Prezydent Rosji Władimir Putin zadeklarował, że jego kraj gotów jest przywrócić relacje z Unią Europejską w pełnym zakresie. Podkreślił, że to nie Rosja była inicjatorem ochłodzenia stosunków z UE.
Putin powiedział to, podejmując w sobotę wieczorem na Kremlu prezydenta Czech Milosza Zemana, który w piątek przybył do Moskwy na uroczystości upamiętniające 70. rocznicę zwycięstwa nad hitlerowskimi Niemcami w II wojnie światowej.
Zeman jest jednym z nielicznych przywódców zachodnich, którzy przyjęli zaproszenie prezydenta Rosji na te uroczystości. Ze względu na rolę Rosji w konflikcie na Ukrainie większość liderów zachodnich nie zdecydowała się na przyjazd do Moskwy. Prezydent Czech, choć przyjechał, to jednak nie poszedł w sobotę rano na Plac Czerwony, by obserwować defiladę wojskową, uznaną na Zachodzie za demonstrację siły w obliczu wojny na Ukrainie.

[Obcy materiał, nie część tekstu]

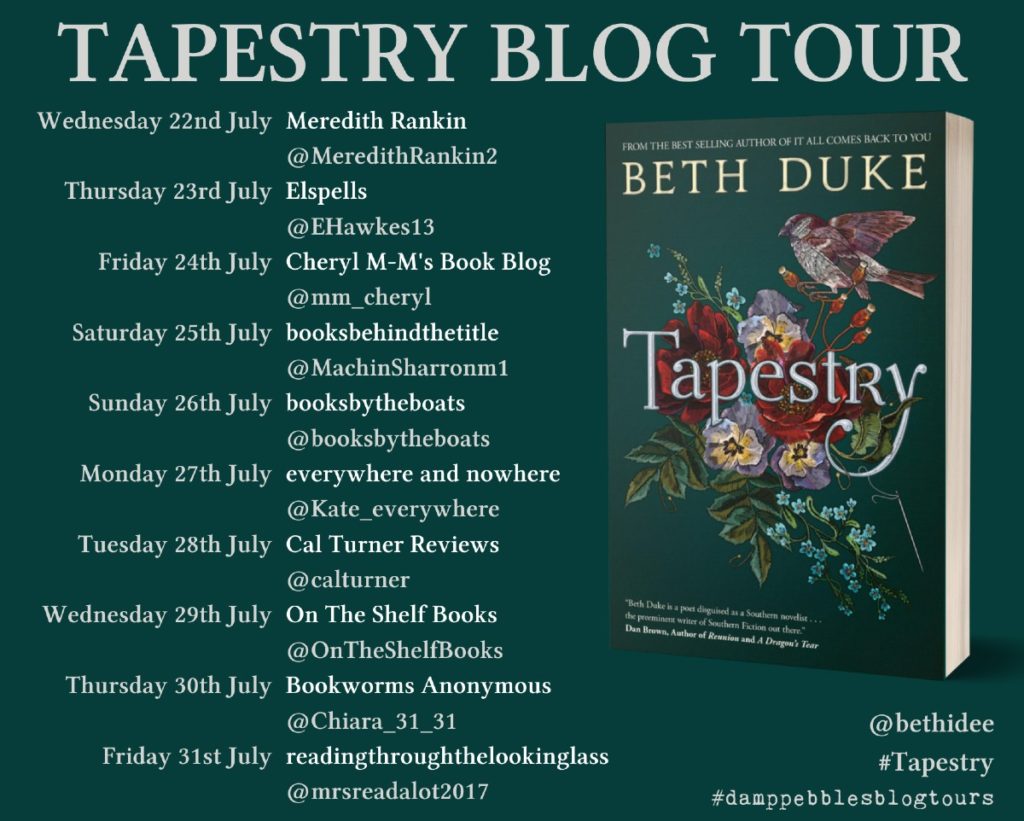 Tapestry by Beth Duke blog tour poster. #damppebblesblogtours #Tapestry @bethidee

- Bardzo liczymy na to, że uda nam się nie tylko odbudować nasze relację z Unią Europejską jako całością, Europą Wschodnią i Czechami, ale także je rozwinąć - oznajmił Putin. Zaznaczył, że "z powodu wzajemnych sankcji wszyscy ponoszą straty, że nie ma w tym niczego dobrego".
Zachodnie sankcje wyrządzają coraz większe szkody rosyjskiej gospodarce. Według szefa rosyjskiego rządu, do tej pory budżet państwa dostał o 25 miliardów euro mniej niż planowano, a w kolejnych miesiącach straty będą rosły.
Zdaniem ekspertów europejskie sankcje to broń z opóźnionym działaniem. Prognozują, że działanie restrykcji Rosjanie odczują właśnie w 2015 roku. Jak wyliczył Bank Światowy gospodarka Rosji zmniejszy się w tym roku aż o 3,8 proc. To spora korekta szacunków, bo wcześniej uważano, że wpływ sankcji będzie znacznie mniejszy. Eksperci szacowali go na 0,7 proc. PKB.
Prezydent Rosji podziękował Zemanowi za "niezależną politykę". - Z przyjemnością konstatuję, że w Europie są jeszcze politycy, którzy potrafią przedstawiać swój punkt widzenia, bronić go i prowadzić niezależną politykę - oświadczył, wyrażając nadzieję, że dzięki takim politykom Rosji i UE uda się przywrócić dawne stosunki.
Putin podziękował prezydentowi Czech za to, że naród czeski "podziela emocje" Rosjan z powodu święta zwycięstwa. - Na terytorium Czech toczyły się poważne walki. Zginęło tam ponad 50 tys. radzieckich żołnierzy i oficerów. Dziękuję wszystkim, którzy w Czechach opiekują się ich grobami - powiedział.